Creo que todas las madres y padres buscamos proteger a nuestros hijos e hijas de algo, sobre todo cuando son chiquitos. Podemos poner el acento en la comida,el tiempo que pasan al aire libre o con pantallas, la interacción social, el acceso a deportes o actividades estimulantes. Cuando se trata de la escuela, también somos diversos en cuáles son nuestras prioridades: que sea una institución pequeña y familiar, laica o religiosa, pedagógicamente innovadora, exigente o no tanto, incluso, que ofrezca un entorno social similar al propio.
No creo que tengamos que obsesionarnos, al menos si notamos que nuestra propia obsesión es eso, nuestra, y no lo que ellos necesitan. Pero tampoco creo que todo dé lo mismo, porque los ayude a ¨curtirse¨ o ¨prepararse para el mundo real¨, como si sólo hubiera un mundo posible.
Los que educamos sin escuela y los que participamos en proyectos educativos que escapan a la lógica oficial, somos claramente una minoría. Y como tal, una de las preguntas que más nos hacen es si no sentimos que estamos criando a nuestros hijos en una burbuja. Yo suelo responder esto mismo: que todos elegimos proteger algún aspecto de la infancia de nuestros hijos y que lo masivo no es indicador unívoco de que algo sea bueno. Si vamos más profundo, ni siquiera todo lo legal es sinónimo de legítimo.

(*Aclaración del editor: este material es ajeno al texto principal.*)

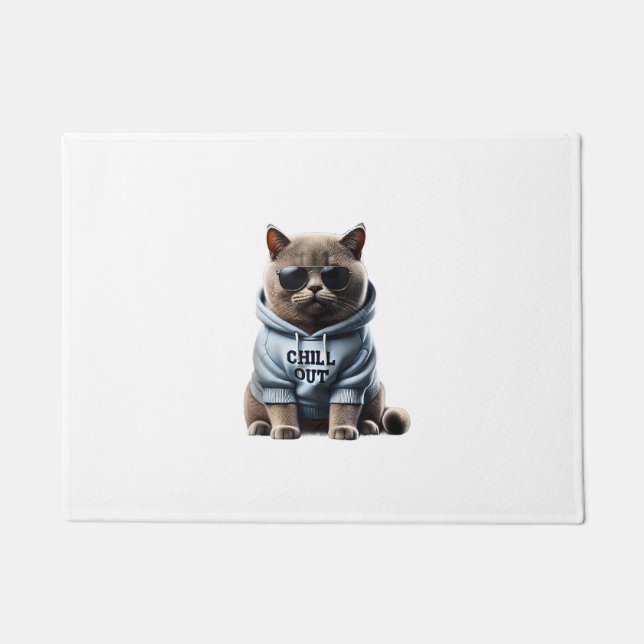 Tapete Engraçado Preguiçoso, Gato de Cabeça-de-Obra Britâ (Frente)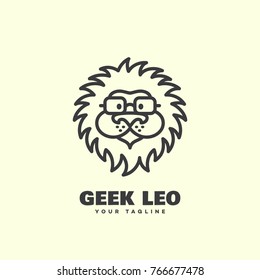 Geek leo logo template design in outline style. Vector illustration.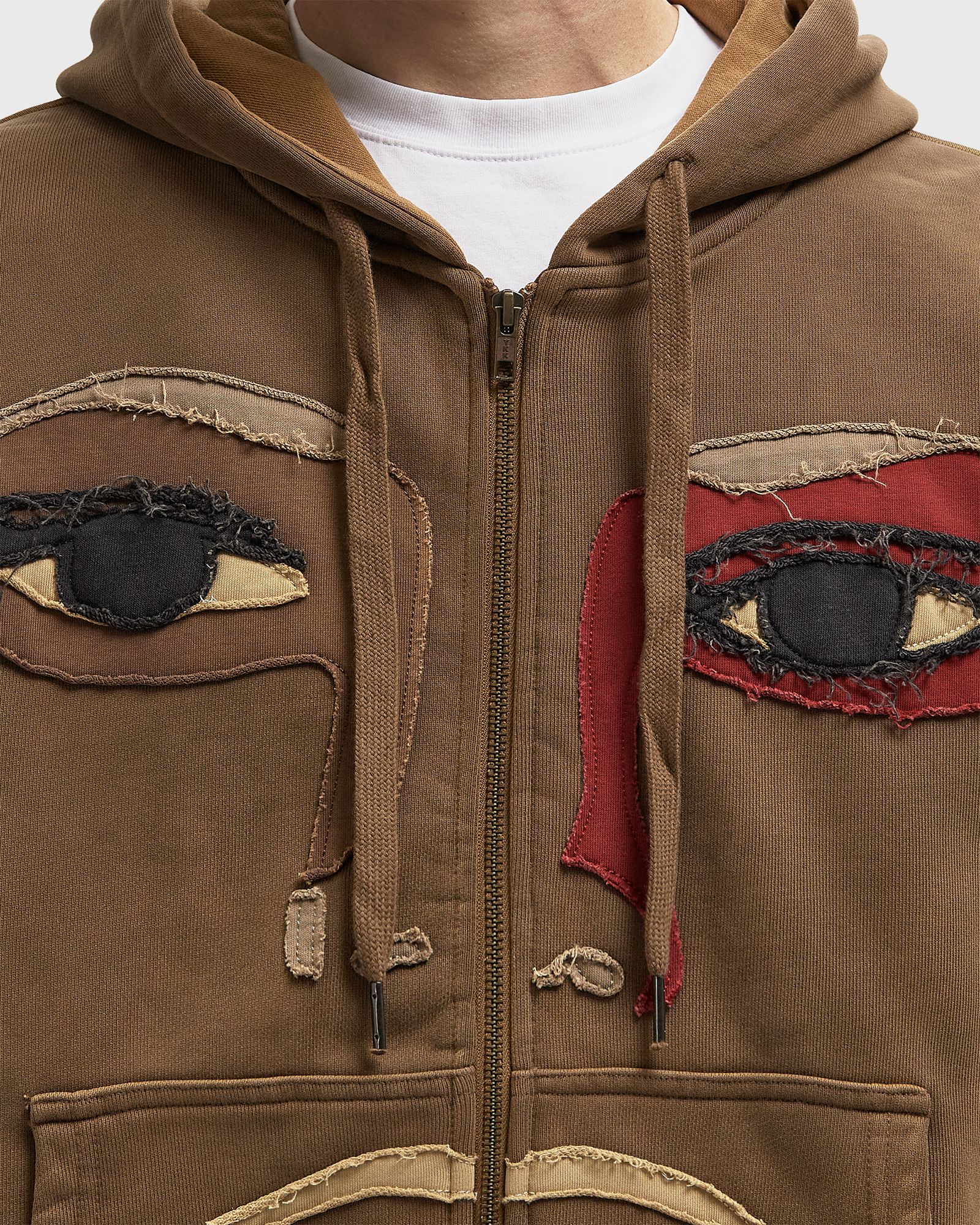 Face patchwork heavyweight zip up
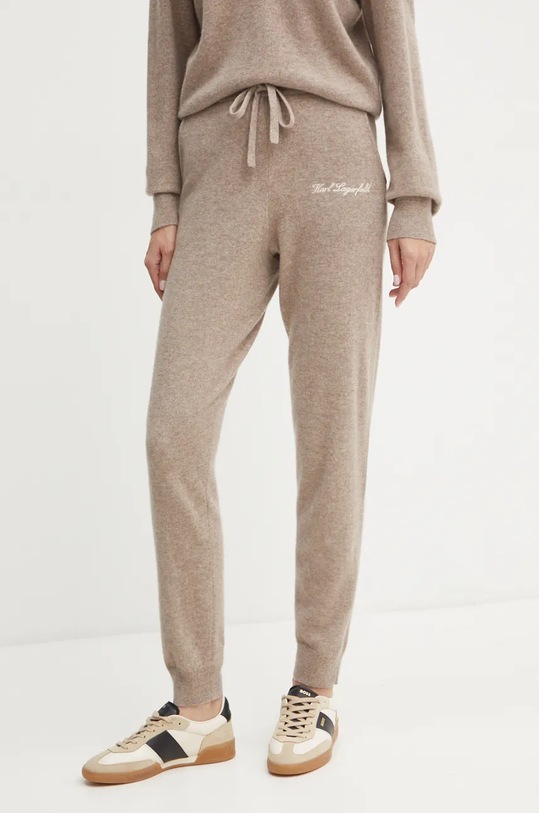 Karl Lagerfeld pantaloni de trening de lână tricotaj maro 246W2181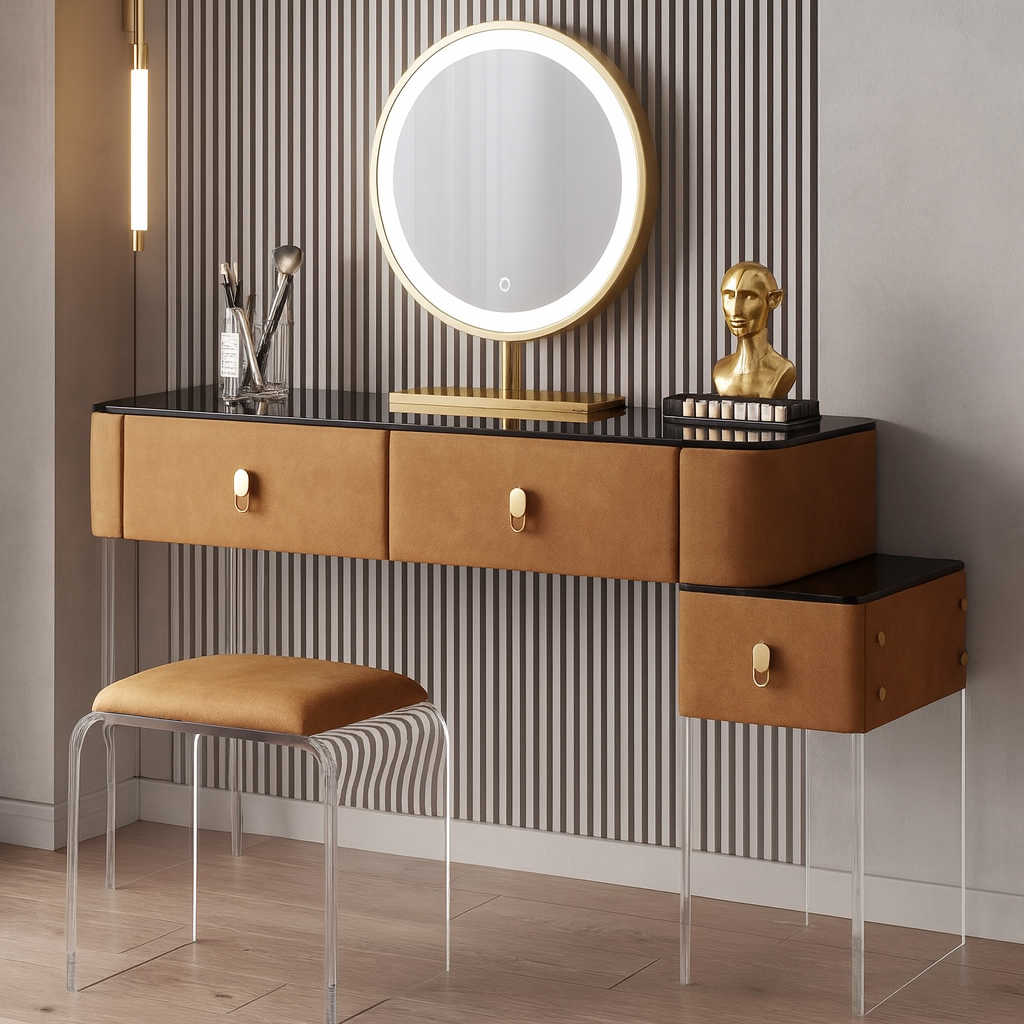 Dressing table with round mirror, drawers, and stool against a striped wall.
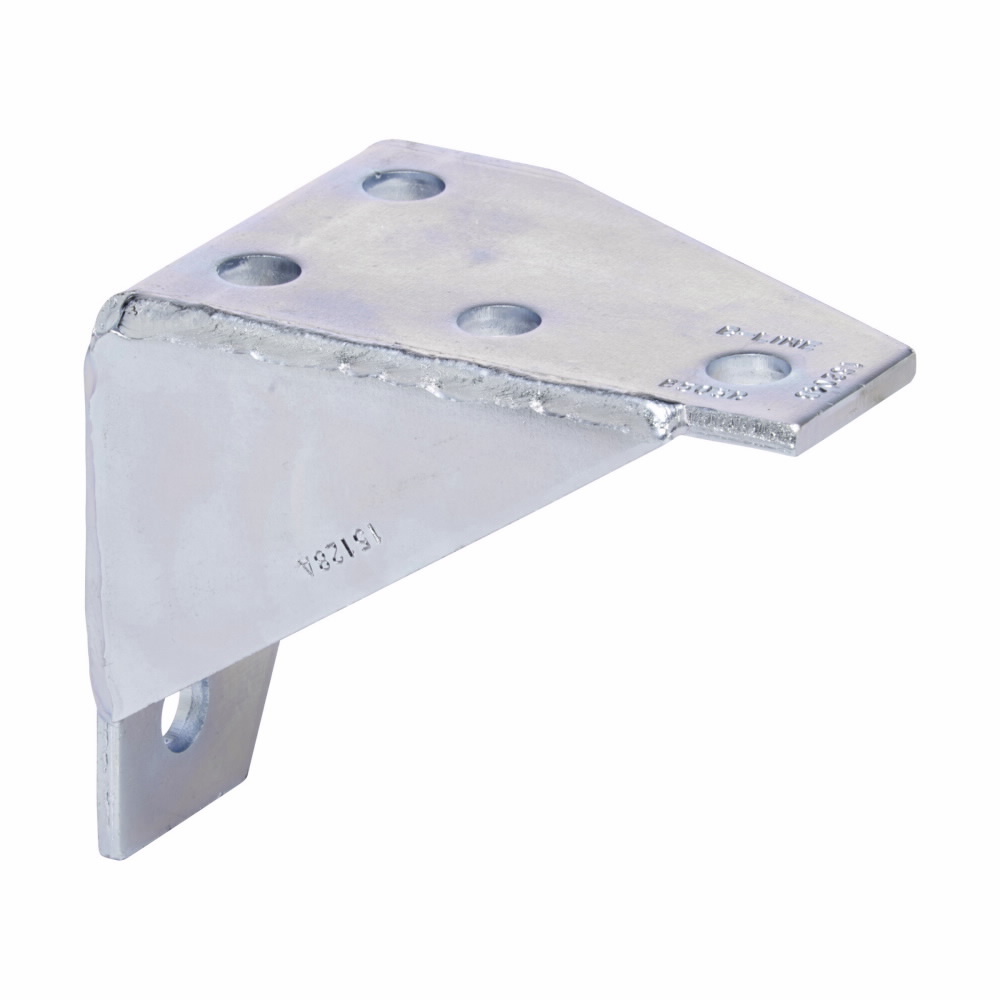 Eaton B-Line series corner gusset, 4.18" H x 5.37" L x 1.62" W, Steel, Electro-plated, Six hole (right hand) gussetted corner connection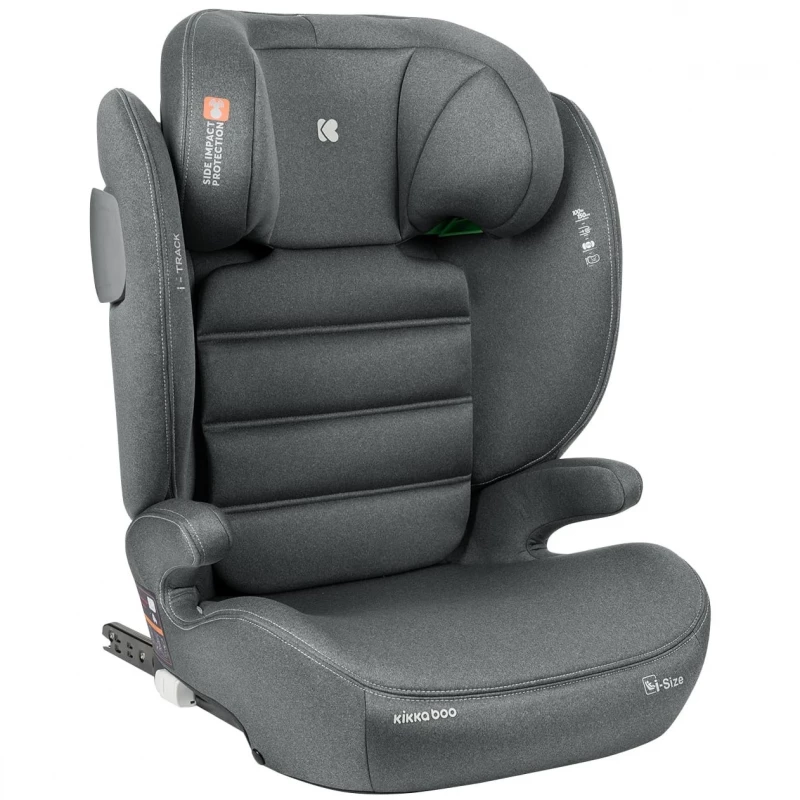 Автокресло детская PM Scaun auto 15-36kg (100-150 cm) isofix Kikkaboo i-Track Dark Grey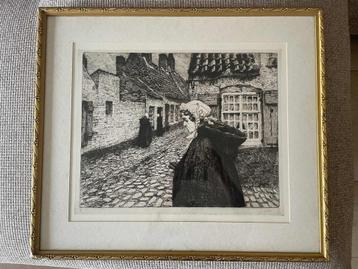 Prachtige ets van Julien Celos (Brugge) 1884-1953 beschikbaar voor biedingen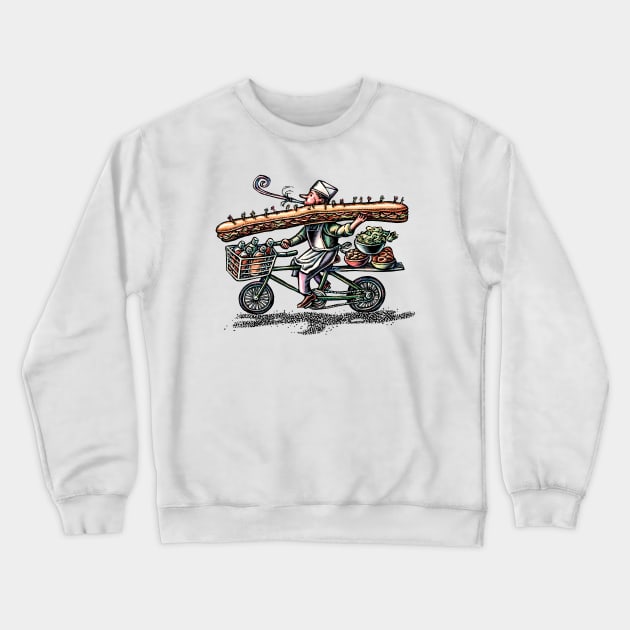 Sub Sandwich Delivery Guy on Bike Crewneck Sweatshirt by Lisa Haney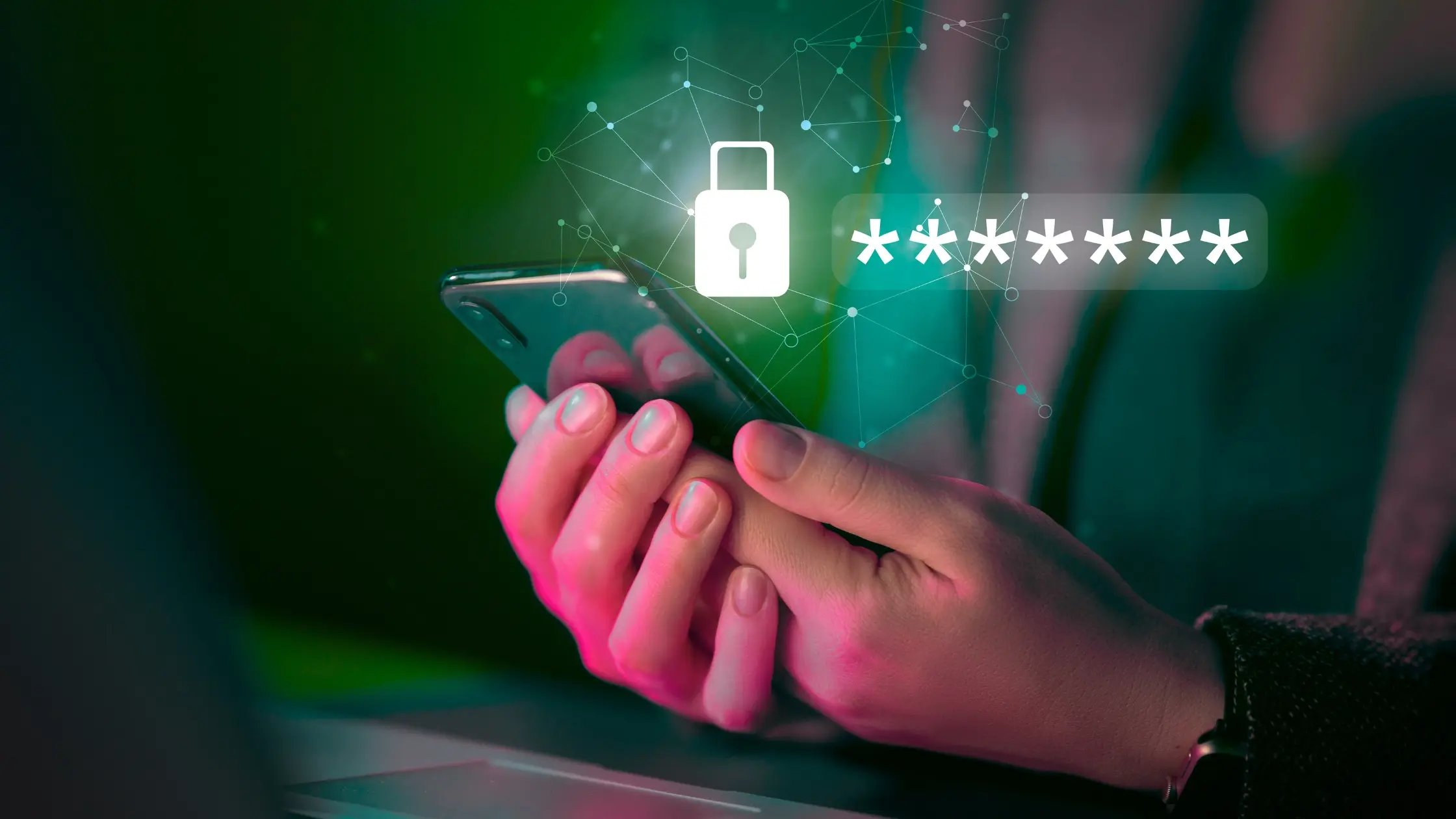 Close-up of hands holding smartphone with digital password and lock icon, mobile data encryption and cybersecurity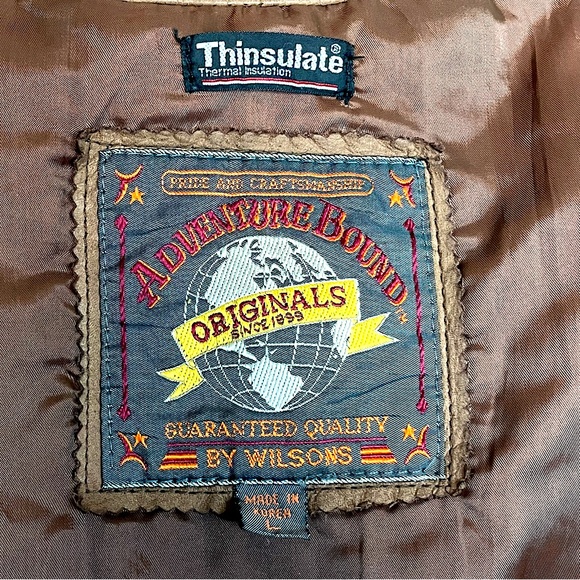 Wilsons Adventure Bound Leather Bomber Jacket Brown Men’s L Distressed Vintage - Picture 11 of 12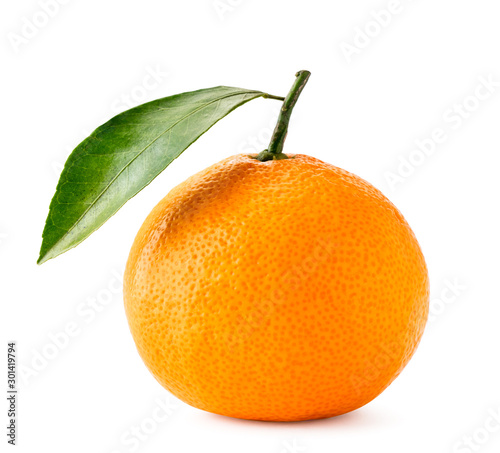Ripe mandarin with a green leaf close-up on a white. Isolated.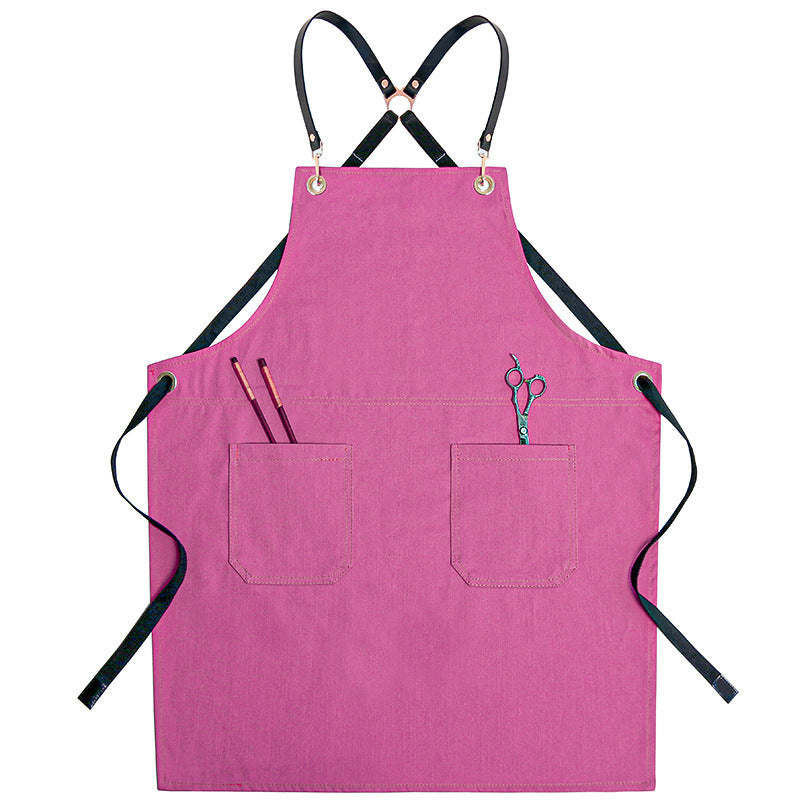 Apron Print Denim Kitchen Cooking Overalls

Yo descubrí pronto lo que quería proteger: el derecho de mi hijo a vivir como un niño. Como dice el israelí Dror Simri en este video: darle una oportunidad a esa minoría discriminada por razones de edad que son los niños en una sociedad adultocéntrica. También lo dice Francesco Tonucci, una y otra vez, en sus charlas, libros y dibujos: tenemos el deber moral de crear ciudades y ambientes donde los niños sean protagonistas. Porque dejarlos ser es bueno para ellos, pero también para nosotros, los adultos.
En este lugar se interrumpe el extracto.